Quine is a nonempty program which prints its own source code. It takes no input, just prints out the source code when run (without cheating such as reading the source code file). Quine is basically a self-replicating program, just as in real world we may construct robots capable of creating copies of themselves (afterall we humans are such robots). The name quine refers to the philosopher Willard Quine and his paradox that shows a structure similar to self-replicating programs. Quine is one of the standard/fun/interesting programs such as hello world, 99 bottles of beer or fizzbuzz.

Quine can be written in any Turing complete language, the challenge is in the self reference -- normally we cannot just single-line print a string literal containing the source because that string literal would have to contain itself, making it infinite in length.

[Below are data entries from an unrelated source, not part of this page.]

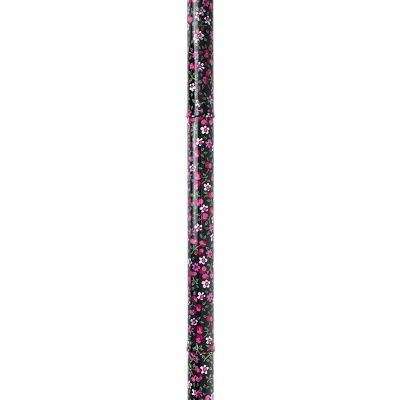 Adjustable Folding Fashion Value Derby Handle Black Floral Walking Cane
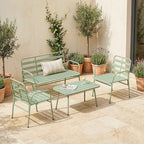 Outsunny 4-Piece Garden Set, Outdoor Metal Sofa with Slats, Green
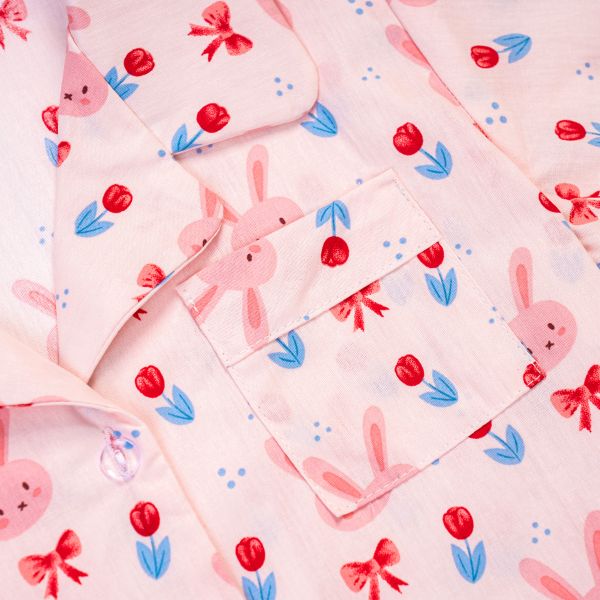 Bộ mặc nhà Pyjama bé gái màu hồng baby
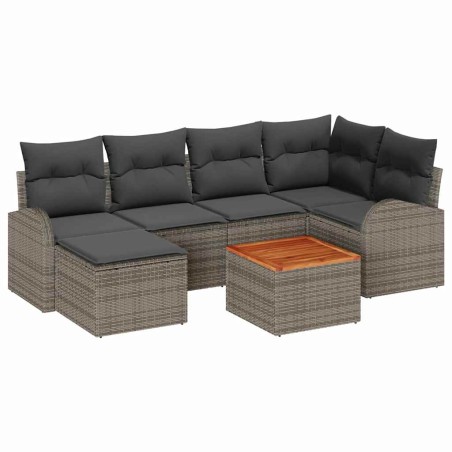 vidaXL Set divano da giardino 7 pezzi con cuscini grigi in rattan sintetico e acacia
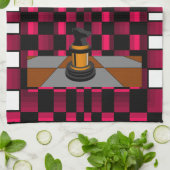 金黒いドラゴンの騎士チェスのデザイン3D キッチンタオル (折り畳み)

The idea commonly used to solve this problem is following:

  1. On first line start a definition of string S, later copy-paste to it the string on the second line.
  2. On second line put a command that prints the first line, assigning to S the string in S itself, and then prints S (the second line itself).

This is a quine in C:

#include <stdio.h>
char s[] = "#include <stdio.h>%cchar s[] = %c%s%c;%cint main(void) { printf(s,10,34,s,34,10,10); return 0; }";
int main(void) { printf(s,10,34,s,34,10,10); return 0; }

This is a quine in Python:

s="print(str().join([chr(115),chr(61),chr(34)]) + s + str().join([chr(34),chr(10)]) + s)"
print(str().join([chr(115),chr(61),chr(34)]) + s + str().join([chr(34),chr(10)]) + s)

TODO: more langs?

In the Text esoteric programming language every program is a quine.